Fibras naturais, como o coco, o sisal e a juta, têm sido cada vez mais utilizadas na engenharia civil e na arquitetura, por apresentarem propriedades satisfatórias a muitas aplicações, além de leveza e fácil manuseamento. Uma pesquisa realizada na Escola de Engenharia da Universidade Federal de Lavras (EEng/UFLA) procura ampliar ainda mais esses benefícios combinando materiais fibrosos com os chamados materiais de mudança de fase.

Materiais de mudança de fase são agentes capazes de mudar seu estado dentro de uma determinada faixa de temperatura, de sólido para líquido, ou vice-versa, dependendo do material. Eles absorvem calor ao fundir e libertam calor ao solidificar, sendo essas mudanças de fase realizadas a uma temperatura quase constante. Devido a essa característica, diversos métodos de encapsulamento e melhoramento desses materiais vêm sendo analisados para maior proveito de suas propriedades e, consequentemente, diferentes formas de utilização.

“Um exemplo é a utilização de materiais de mudança de fase na construção civil por meio de alguns métodos de aplicação, como microcápsulas em tijolos, placas sobre o telhado, com o objetivo de controlar a temperatura interna da construção e, assim, diminuir gastos para o controle da temperatura e promover um conforto térmico”, destaca o professor Saulo Rocha Ferreira.

O consumo de energia é um relevante fator quando se trata de sustentabilidade na construção civil.

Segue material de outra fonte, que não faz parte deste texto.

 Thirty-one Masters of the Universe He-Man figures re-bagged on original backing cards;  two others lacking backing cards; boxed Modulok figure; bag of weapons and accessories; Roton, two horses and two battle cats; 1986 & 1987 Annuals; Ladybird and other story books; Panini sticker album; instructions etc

Os esforços para reduzir a energia consumida para aquecimento, ventilação e ar condicionado têm sido redirecionados para a aplicação de sistemas eficazes de isolamento térmico que são, principalmente, produzidos com fibras, utilizadas como isolantes por sua característica porosa. 

Com o aumento dos níveis globais de temperatura, o isolamento térmico é cada vez mais uma necessidade de mercado no âmbito da melhoria de conforto e bem-estar. Paralelamente, também é crescente o desenvolvimento de produtos fabricados a partir de matérias-primas renováveis que consigam atender às necessidades dos consumidores, sem prejudicar o meio ambiente.

 

Bioagregado para absorção de energia

Durante o pós-doutorado, realizado na Technische Universität Darmstadt, na Alemanha, o professor Saulo trabalhou com um grupo de cientistas que é referência no uso de materiais de mudança de fase em materiais de construção. Em agosto de 2019, iniciou seu próprio estudo para produzir um bioagregado funcional com capacidade de absorção de energia. 

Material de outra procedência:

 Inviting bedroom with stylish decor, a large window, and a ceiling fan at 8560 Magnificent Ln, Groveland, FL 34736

Atualmente, a equipe dedicada a essa pesquisa é composta por 10 pesquisadores, vinculados à TUDarmstadt, Alemanha; à Universidade Federal do Rio de Janeiro (UFRJ) e à UFLA. A pesquisa encontra-se em fase de otimização: os pesquisadores pretendem avaliar a durabilidade (natural e acelerada) das fibras e bioagregados em concretos, além de novas formulações, visando agilidade na produção e menor custo. 

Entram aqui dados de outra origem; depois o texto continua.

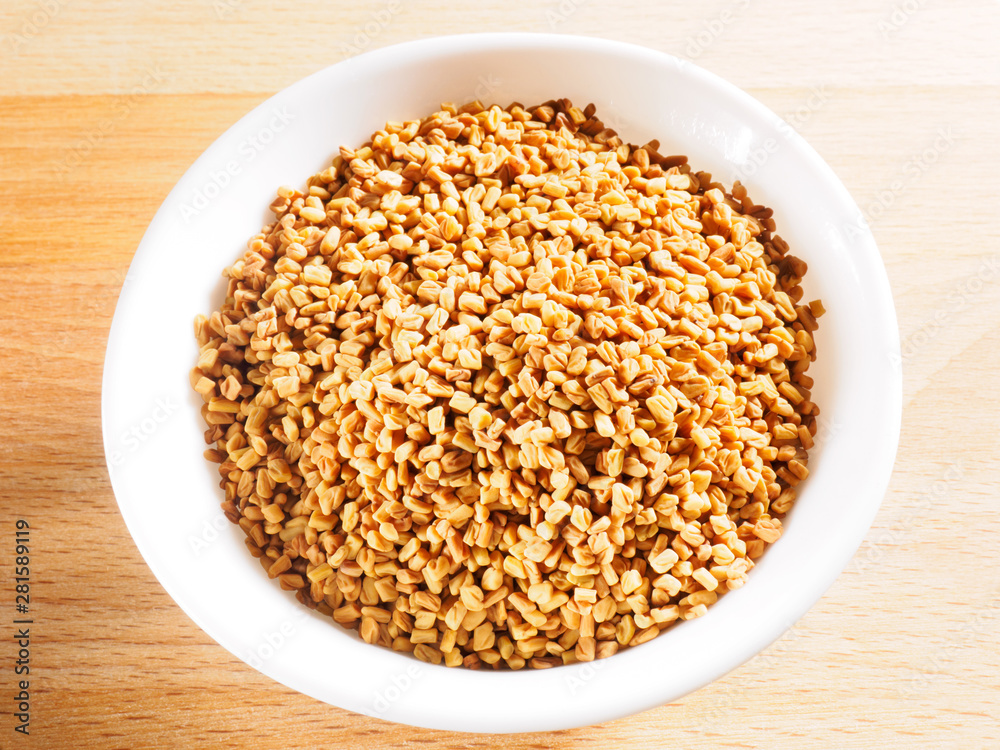 Fenugreek (Trigonella) in white ceramic cup on a wooden background Fenugreek (Trigonella) in white ceramic cup on a wooden background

“O resultado mais interessante do ponto de vista científico é, sem sombra de dúvidas, a utilização de um conceito físico e químico tão simples: as mudanças de fases dos elementos, que muitas vezes são ensinadas no ensino básico. Quanto ao mercado, vejo que o mais interessante é a possibilidade de oferecer um produto capaz de promover conforto térmico às edificações, além de economia de energia elétrica. O nosso material é capaz de liberar ou absorver calor de acordo com a necessidade do ambiente. Isso evitaria o uso desnecessário de ventiladores e aparelhos condicionadores de ar”, explica o professor Saulo.

 

Outras aplicações

O sisal (Agave sisalana) e a juta (Corchorus capsularis) são recursos naturais renováveis de baixo custo. Podem ser utilizados não somente em tecidos, como também para fabricação de fios, cordames, não tecidos, compósitos em substituição aos fabricados em madeira ou materiais sintéticos, além de não causar danos à saúde humana, como ocorre com as fibras de amianto.

Os materiais fibrosos, combinados aos materiais de mudanças de fase, oferecem possibilidades a ser exploradas para além do setor da construção civil, o que justifica a necessidade de estudos e investimentos envolvendo áreas distintas, como a engenharia têxtil, a engenharia civil e a arquitetura, no desenvolvimento de soluções a partir de matérias-primas que muitas vezes são simplesmente descartadas. 

“Estamos verificando a possibilidade de utilização dessa mesma tecnologia para promoção do conforto animal e até mesmo para o transporte de alimentos. Alguns testes preliminares já indicam a possibilidade de utilização desse material para armazenamento de sorvetes e carnes”, finaliza o professor Saulo.